MEMOIR: Chapter 42 Bethesda IV

Chapter 42

Bethesda IV

“My magic formula,” I said. “Well, my magic formula is something I need to tell you, about Dad. How he helped me.”

He sat up and gave me a look, eyes narrowed and calculating. “Something I don’t already know?”

“Something you don’t know, yes, because it only happened a few months ago.”

“Dad died thirteen years ago. What are you talking about?”

Now I had captured his interest.

“It was a vision,” I said. “That’s all I know to call it. He…appeared.”

“Dad? Appeared?” He snorted.

“Well, he did. Not in person, not really, I didn’t actually see him, just felt him being there. He…well, he spoke to me.”

“What’d he say?” Tim said. He cocked his head and pursed his lips in that This had better be good look.

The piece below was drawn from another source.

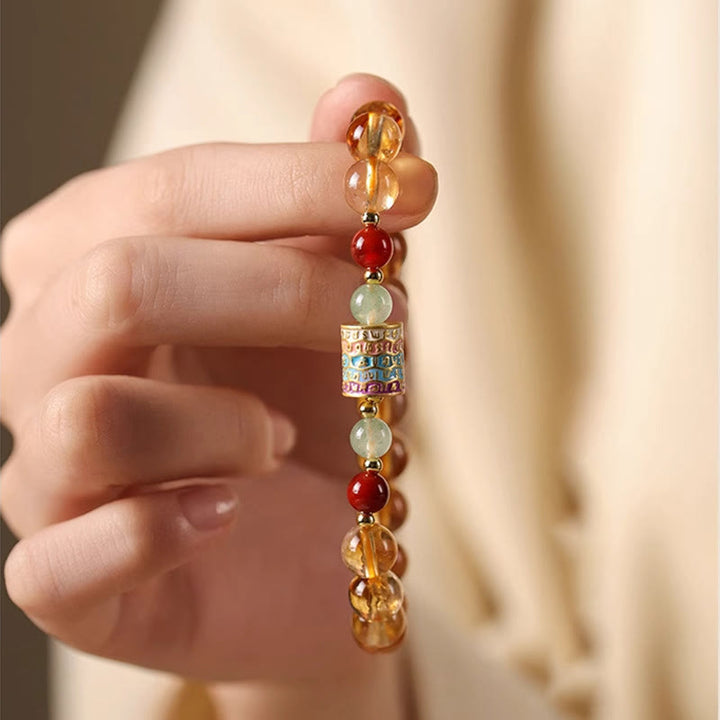 Braccialetto della creatività con ruota di preghiera colorata in citrino naturale Buddha Stones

“Tim, I’m serious. If you’re just going to make fun of me, I’m not going to tell you.”

“Okay, I’m sorry,” he said. “I know you’re serious. I’ll listen.”

Ha! His curiosity got the better of him.

“I know you see and hear and do things other people don’t,” he said, “so why should I be surprised Dad showed up to you?”

Always easier to talk this way, side by side on the booth bench, or walking, or driving. Eating messy chicken wings, piling up the bones, using up all the napkins.

“And how did you know it was him?” Tim said.

“I…I smelled him. And I felt him. And he called me a pet name I barely remember.” I said. “I was sewing. Not thinking about anything in particular. I felt someone come in, thought it was Jack. In fact, I glanced over my shoulder and thought Jack was standing right behind me. I said ‘Hi, honey, what’s up?’ and kept on sewing. He didn’t answer me. I turned clear around, and there was…there wasn’t anyone there. But I still felt someone standing there. I could smell cigarette smoke, and I knew it wasn’t Jack. He never smokes in the house. Besides, he was off on a job, doing some remodeling for a neighbor. He wasn’t even home.”

Tim pushed the empty dishes to the side and the waitress came, cleared them away.

“So you figured it had to be Dad?” he said. “From the smell?”

This was hard to talk about in ordinary words. “No, not just the smell, it was a…a feeling, I guess. I just felt him. In the room, near me, all around me. As if I could reach out and touch him, and it would be…Dad. And he used pet names for us that I’d forgotten about.”

“What’d you do?”

“I said, ‘Is that you, Dad?’ and I heard him, clear as anything, inside my head, not an actual voice booming out in the room. ‘Sure is,’ he said.”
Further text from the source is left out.